I flew ANY charter, in ANY aircraft including: 

  • News Crews
  • Night freight  
  • Target towing for the Royal Australian Navy
  • Tourist flights to the Great Barrier Reef, De Havilland Beaver (on floats)
  • I even flew dead people for a funeral company, in a Beechcraft Baron.  
  • Anything for flying hours and precious twin time

The biggest struggle was finding my first jobs, partly due to my limited experience but also because I was a young looking 19 year old with a dodgy moustache. I have been unemployed 6 more times in my career and I searched the world for jobs, this was also prior to the internet being part of everyday life.

What did you learn to fly in? and how many hours before you went solo?

I learnt to fly in a PA-28 (Cherokee) at NASA, Cessnock, NSW; it was an full-time intensive 9 month CPL/ATPL course. I flew almost every day and went solo in 10 hours.

How many airplane types have you flown and what are these types?

In Australia I flew mostly Light aircraft built by Cessna, Piper, Beechcraft, Mooney and even the deadly Mitsubishi MU-2 

Cessna: 150, 151, 152, 172, 182, 206, 210, 310, 401, 402, 414 and 421

Piper: PA-18, 23, 24, 26, 27, 28, 31, 32, 34, 34, 38, 39, 44 and 60

Beechcraft: Bonanza, Baron, King Air, Aero commander plus a few others

I possibly flew about 40 different light GA aircraft, logging 2,500 hrs; flying mainly up the East Coast of Australia, between Melbourne to Cairns. I also flew inland NSW and Queensland, along with trips into the The Northern Territory to Alice Springs and up to Darwin.

Airline aircraft: Fokker F-27, Fokker F100, Airbus A320, A330-200, A340-300, A340-600, A350-900 and A350-1000

What is your fondest memories as a captain?

As a young Captain, flying into Hong Hong’s Kai Tak airport; on the famous Runway 13 Checkerboard approach, with both my Dad and brother in the flight deck with me.

Your first flight as a captain?

From London Heathrow to Hong Kong Kai Tak airport, with my girlfriend (now wife) sitting in Upper Class and a few technical problems to keep me busy.

How long as a captain before you felt comfortable in the role?

During my Command Training I felt confident and capable, However when I achieved around 10,000 hours I felt like I was very “comfortable” in the role and in my career.

What kind of plane would you most like to fly?

Concorde. Every pilot who never had the chance to fly her will say the same. She was the ultimate airliner and nothing as iconic has existed since.

Best advice you ever got?

Hours, hours, hours. If you’re paying for the hours, fly the cheapest aircraft. If you’re being paid by the hour, fly the slowest aircraft. Hours = experience = employment opportunities. Always say “YES”.

What advice do you have for new pilots?

For a long and successful commercial career, you need Hours and Type Rating. Never fly an old aircraft, always work to get hours (experience) on the newest and most modern airliner available.
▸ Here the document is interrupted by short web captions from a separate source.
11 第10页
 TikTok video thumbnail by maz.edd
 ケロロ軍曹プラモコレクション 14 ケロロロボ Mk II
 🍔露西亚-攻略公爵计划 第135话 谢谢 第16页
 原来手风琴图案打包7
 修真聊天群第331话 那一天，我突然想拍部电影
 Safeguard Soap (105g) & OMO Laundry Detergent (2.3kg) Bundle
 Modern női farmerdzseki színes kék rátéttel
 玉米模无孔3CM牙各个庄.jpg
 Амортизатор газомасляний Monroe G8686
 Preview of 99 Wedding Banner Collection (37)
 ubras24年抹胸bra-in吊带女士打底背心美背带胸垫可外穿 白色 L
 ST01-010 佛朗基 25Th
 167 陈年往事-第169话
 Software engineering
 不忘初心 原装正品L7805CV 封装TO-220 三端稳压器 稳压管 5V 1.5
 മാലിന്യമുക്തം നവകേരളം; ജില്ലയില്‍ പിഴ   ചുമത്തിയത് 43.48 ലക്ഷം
In 1989, when I was flying the F27 with Ansett, I was offered a place on the B727 (which I loved), but I bid for the A320, which I first flew in 1989, and I knew it was the future.

When I joined Virgin Atlantic I wanted to fly the 747, but I stayed on the Airbus fleet to be able to always fly the newest airliners. Also, remember that flying is an international career, don’t wait for the “perfect job” to fall at your doorstep; be prepared to travel and see the world to gain flying experience and more importantly “life-experience”. I lived and flew from 6 different countries before landing my dream job with Virgin Atlantic.

Ever declared an emergency?

Many times in light aircraft for all sorts of technical issues. The most memorable was in a Piper Aztec, over the Snowy Mountains between Canberra and Melbourne. A fuel injector feed line snapped, feeding fuel directly onto the hot engine which subsequently caught fire. I shut down the engine and cut off the fuel, this eventually stopped the fire and we flew to Moorabbin on the remaining engine. I had a Channel 9 News Crew onboard, who filmed and sensationalised the event for TV. I was 19 and a TV “pilot hero.”

Ever tempted to own a small plane?

Not until recently. My feelings on the matter changed after flying the amazing Sling TSI, at the Sling Pilot Academy, Torrance, California. An amazingly capable and modern light aircraft. I can’t wait to fly it again.